Chiro Qualcomm HackMobile 2017 - Created a tool that detects and corrects your posture while sitting at a desk. We used convolutional neural networks for the binary classification problem of whether or not a person currently has good or bad posture. We gathered a large dataset of images, and used transfer learning to fine tune a pretrained Inception network. We created a camera streaming web app that sent raw RGB photos to a webserver which passed the image through a saved Keras CNN model, and rendered the results to a single page web app that alerts you when bad posture is detected.
Sports Data Analysis
March Madness 2017 Bracket Predictor Model - This iPython notebook looks at how we can use historical data on NCAA regular season games to develop a model that outputs win probability for 2 given teams facing each other. We can frame this as a supervised learning problem where we can use past game by game results as our labels. Each team is represented by a d-dimensional vector containing information for that team (PPG, Number of Wins, etc) during the given season. The element wise difference between the two teams is inputted into a neural network, where the output is the softmax-bounded probability of the likelihood that Team 1 will come out victorious in the matchup. I also wrote a blog post about predicting the 2017 March Madness tournament.
MLB Win Predictor Linear Regression Model - This project looks at how a team’s baseball statistics (ERA, Batting Average, RBI, etc), over the course of a season, contribute to their total number of wins. This uses the Torch7 computing framework to develop a linear regression model that takes in a set of 16 features representing traditional baseball statistics and outputs the predicted number of wins for the given season. Given the season statistics for a team, this model can predict a team’s win total within 3 games (1.85% error).
React Web Apps
MLB Stats App - First web application using the React JS framework. Have been hearing a lot of good things about it, so I wanted to give it a shot. This app is pretty simple. It just displays the 2016 regular season stats for each MLB team. Looking to add more functionality and iron out a few of the bugs a little later.
Kaggle Titanic - The Kaggle Titanic competition revolved around taking in a dataset of all the passengers in the Titanic, and then predicting whether or not they survived. The features in the dataset included room location, age, gender, etc. For this competition, I used a variety of different supervised learning approaches (SVMs, KNNs, Decision Trees, Neural Networks), but ultimately found that a KNN model (where K = 17) got the best accuracy of 78.95%. I used Numpy and Sklearn to help preprocess the data and create the models.
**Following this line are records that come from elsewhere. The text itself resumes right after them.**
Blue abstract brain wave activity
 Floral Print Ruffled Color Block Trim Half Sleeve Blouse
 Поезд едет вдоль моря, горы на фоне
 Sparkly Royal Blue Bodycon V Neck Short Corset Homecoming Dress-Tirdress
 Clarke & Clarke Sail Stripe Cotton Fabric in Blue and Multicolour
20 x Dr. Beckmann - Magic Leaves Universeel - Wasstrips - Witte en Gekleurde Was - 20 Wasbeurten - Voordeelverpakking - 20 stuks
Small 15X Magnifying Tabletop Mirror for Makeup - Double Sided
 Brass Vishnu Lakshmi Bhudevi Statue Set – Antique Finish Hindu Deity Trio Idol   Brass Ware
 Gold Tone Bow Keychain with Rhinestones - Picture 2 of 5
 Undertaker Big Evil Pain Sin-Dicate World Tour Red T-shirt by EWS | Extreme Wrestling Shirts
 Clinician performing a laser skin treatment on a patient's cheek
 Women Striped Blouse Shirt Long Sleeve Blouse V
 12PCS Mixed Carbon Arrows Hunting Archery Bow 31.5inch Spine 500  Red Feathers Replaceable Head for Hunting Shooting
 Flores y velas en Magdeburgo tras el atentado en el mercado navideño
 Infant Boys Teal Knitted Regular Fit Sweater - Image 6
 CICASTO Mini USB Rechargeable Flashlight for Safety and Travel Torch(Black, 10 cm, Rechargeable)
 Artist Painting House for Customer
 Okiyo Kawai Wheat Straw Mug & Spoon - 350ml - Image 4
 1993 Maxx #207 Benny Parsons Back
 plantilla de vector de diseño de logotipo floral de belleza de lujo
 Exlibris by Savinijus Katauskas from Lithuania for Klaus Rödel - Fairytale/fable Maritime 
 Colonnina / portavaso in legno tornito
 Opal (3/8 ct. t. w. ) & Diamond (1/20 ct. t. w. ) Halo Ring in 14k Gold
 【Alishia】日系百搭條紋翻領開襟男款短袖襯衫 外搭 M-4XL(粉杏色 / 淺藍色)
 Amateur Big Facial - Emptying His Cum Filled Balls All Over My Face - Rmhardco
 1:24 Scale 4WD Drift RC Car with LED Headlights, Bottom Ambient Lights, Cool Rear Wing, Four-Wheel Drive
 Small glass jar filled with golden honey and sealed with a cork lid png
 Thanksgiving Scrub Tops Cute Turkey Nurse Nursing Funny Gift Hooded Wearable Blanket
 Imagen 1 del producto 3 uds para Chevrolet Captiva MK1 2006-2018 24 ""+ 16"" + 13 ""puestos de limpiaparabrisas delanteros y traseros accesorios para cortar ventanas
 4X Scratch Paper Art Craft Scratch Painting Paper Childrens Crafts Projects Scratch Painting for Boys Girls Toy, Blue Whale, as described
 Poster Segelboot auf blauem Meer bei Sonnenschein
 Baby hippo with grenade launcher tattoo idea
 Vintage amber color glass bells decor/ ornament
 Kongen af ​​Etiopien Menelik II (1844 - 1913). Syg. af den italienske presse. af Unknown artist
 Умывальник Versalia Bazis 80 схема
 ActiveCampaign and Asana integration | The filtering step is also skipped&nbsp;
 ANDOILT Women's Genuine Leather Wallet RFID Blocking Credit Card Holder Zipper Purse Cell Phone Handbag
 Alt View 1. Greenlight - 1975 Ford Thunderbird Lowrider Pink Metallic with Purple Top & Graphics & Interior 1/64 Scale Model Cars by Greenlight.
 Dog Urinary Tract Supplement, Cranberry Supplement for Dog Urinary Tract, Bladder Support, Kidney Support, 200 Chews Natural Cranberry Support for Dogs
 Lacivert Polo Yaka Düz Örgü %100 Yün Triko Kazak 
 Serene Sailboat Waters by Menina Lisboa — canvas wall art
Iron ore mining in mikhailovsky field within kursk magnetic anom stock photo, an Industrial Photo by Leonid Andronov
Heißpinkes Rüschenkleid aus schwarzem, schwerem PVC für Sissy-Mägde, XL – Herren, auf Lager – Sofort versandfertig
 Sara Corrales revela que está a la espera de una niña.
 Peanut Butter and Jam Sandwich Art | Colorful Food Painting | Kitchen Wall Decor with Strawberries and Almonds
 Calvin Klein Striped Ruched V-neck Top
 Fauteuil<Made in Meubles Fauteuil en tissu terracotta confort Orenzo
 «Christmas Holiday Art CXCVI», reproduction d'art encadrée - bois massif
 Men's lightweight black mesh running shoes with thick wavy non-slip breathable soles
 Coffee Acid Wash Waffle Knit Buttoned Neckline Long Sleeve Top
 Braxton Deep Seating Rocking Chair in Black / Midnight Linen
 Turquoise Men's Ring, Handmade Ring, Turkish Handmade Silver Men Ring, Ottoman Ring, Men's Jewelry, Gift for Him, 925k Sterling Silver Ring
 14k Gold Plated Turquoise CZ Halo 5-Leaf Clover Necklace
Kaggle MNIST - The Kaggle MNIST competiiton is a quite standard benchmark for all computer vision models. MNIST is a dataset of handwritten digits, and the overall goal is to have the model classify each image as a digit from 0-9. For this competition, I used a convolutional neural network written in Keras. The model gets an accuracy of 98.63%.
Kaggle Ghosts - This playground competition was a little different in that it involved a “fake” dataset and task. The goal was to take in features of different fantasy monsters (Ghoust, Ghool, or Goblin), and output the most likely classification. Some of the features included hair length, bone length and color. An SVM proved to work the best as I was able to achieve a 73.54% accuracy. I used Numpy, Pandas, and Matplotlib to help visualize the data and features.
Pandas Tutorial - Pandas is the one of the most popular Python libraries as it can be lots for a variety of different data sience tasks. From describing data structures to introducing the most important functions, this tutorial is a great starting point for anyone looking to start using Pandas.